Transcribe the whole listing without a single picture.

■ **Data for this exercise**
---*---

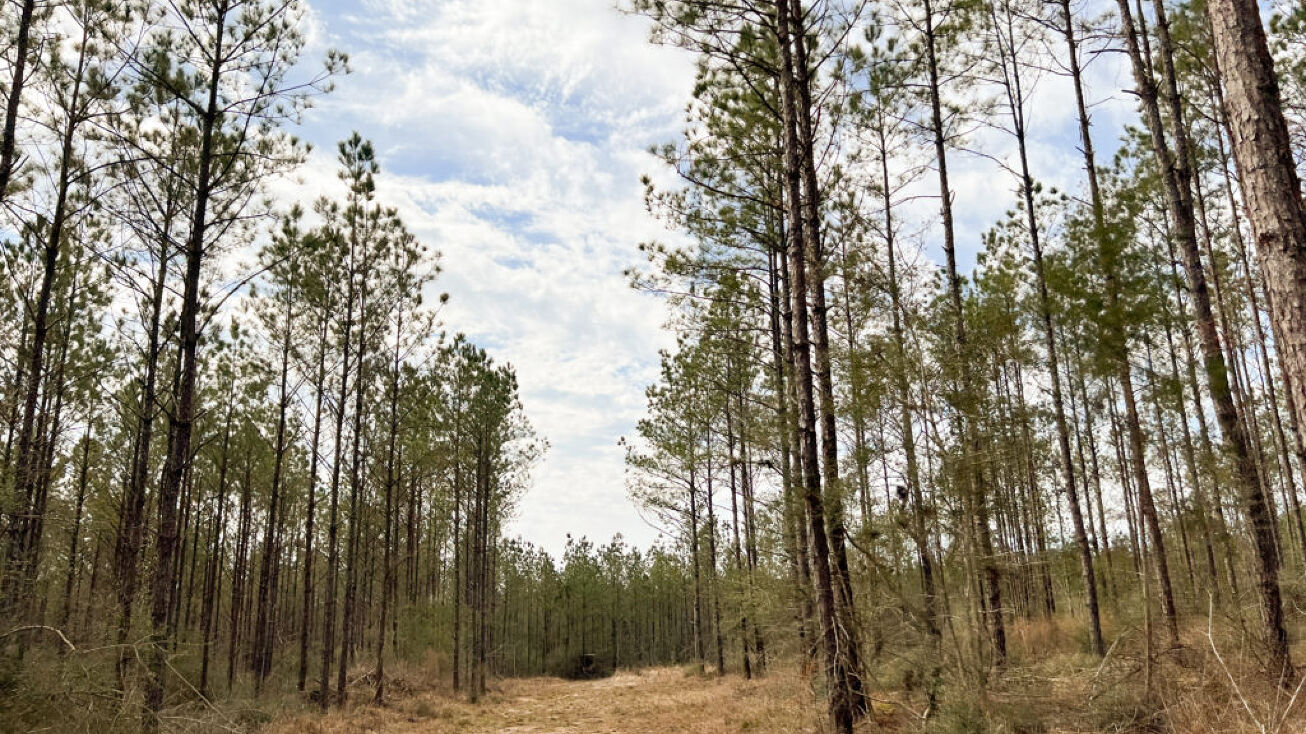 T6 Spurger Pines, Spurger, TX 77660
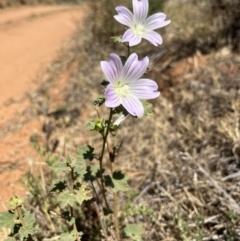 Malva weinmanniana at Mungo, NSW - 15 Oct 2023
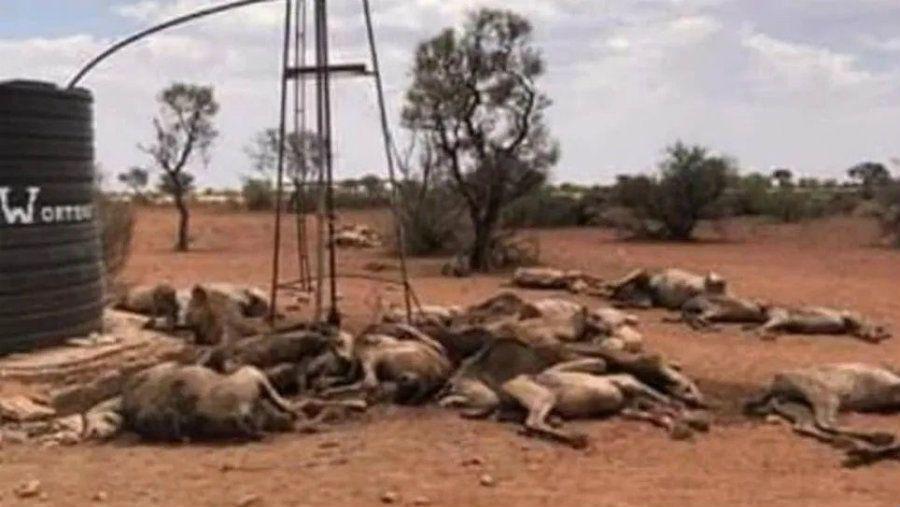 Indignante- comenzoacute la matanza de camellos en Australia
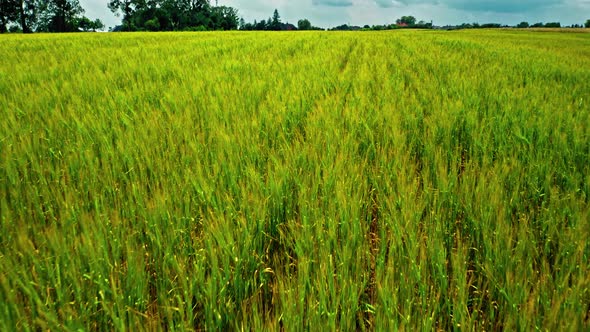 Green fields of wheat in Poland, aerial view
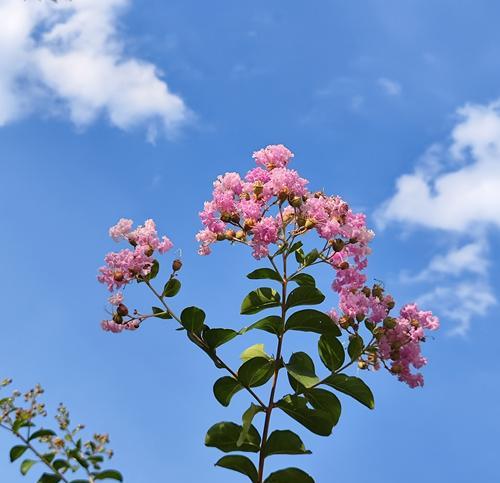 独自的花语是什么意思？独自的花语有哪些特点？
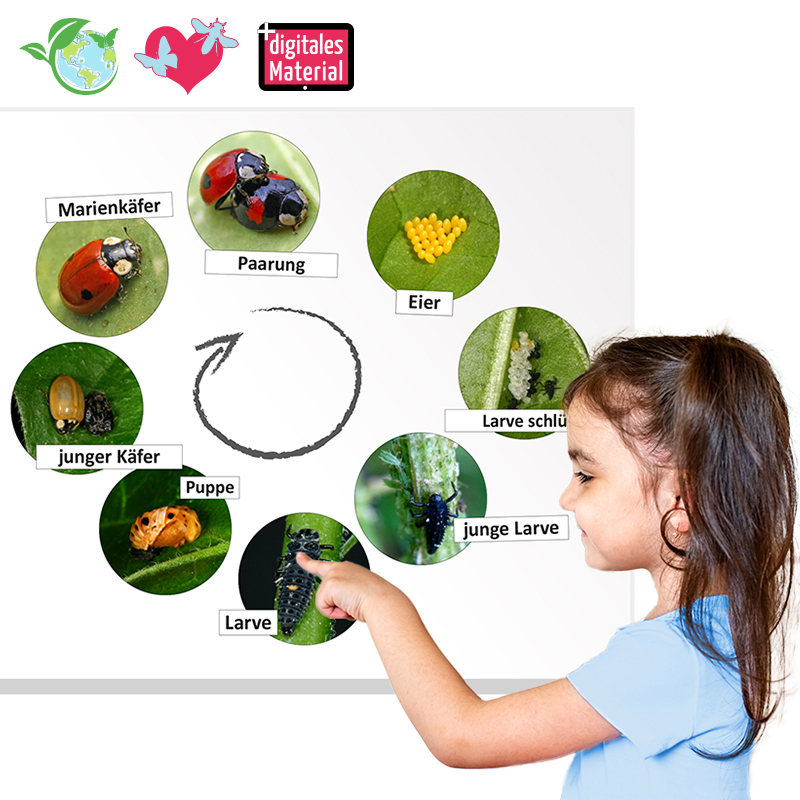 Hagemann Lebenszyklus Marienkäfer (magnetisch)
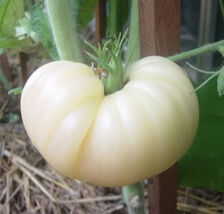 10 Great White Tomato Beefsteak Seeds Heirloom  - $4.13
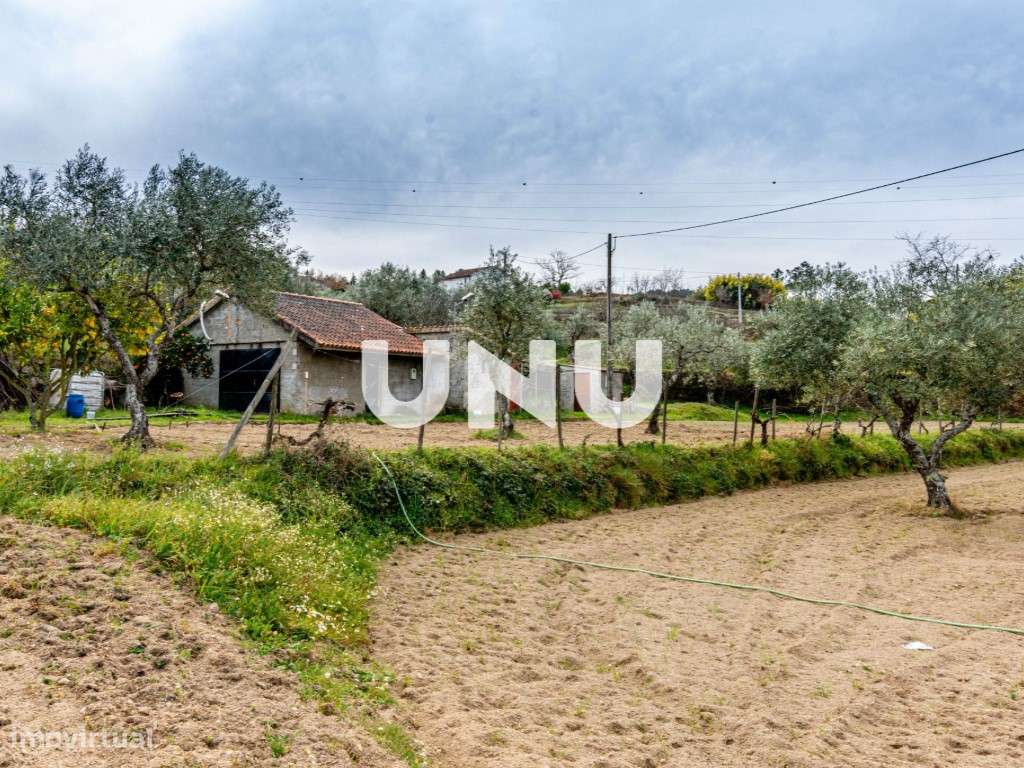 Fabulosa Quinta com 15.500m2 para venda em Ferro, Covilhã! - Grande imagem: 4/17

---*---

■ **Your solution**
 T6 Spurger Pines, Spurger, TX 77660
 Malva weinmanniana at Mungo, NSW - 15 Oct 2023
 Indignante- comenzoacute la matanza de camellos en Australia
 Green fields of wheat in Poland, aerial view
 独自的花语是什么意思？独自的花语有哪些特点？
 Hagemann Lebenszyklus Marienkäfer (magnetisch)
 10 Great White Tomato Beefsteak Seeds Heirloom  - $4.13
 Fabulosa Quinta com 15.500m2 para venda em Ferro, Covilhã! - Grande imagem: 4/17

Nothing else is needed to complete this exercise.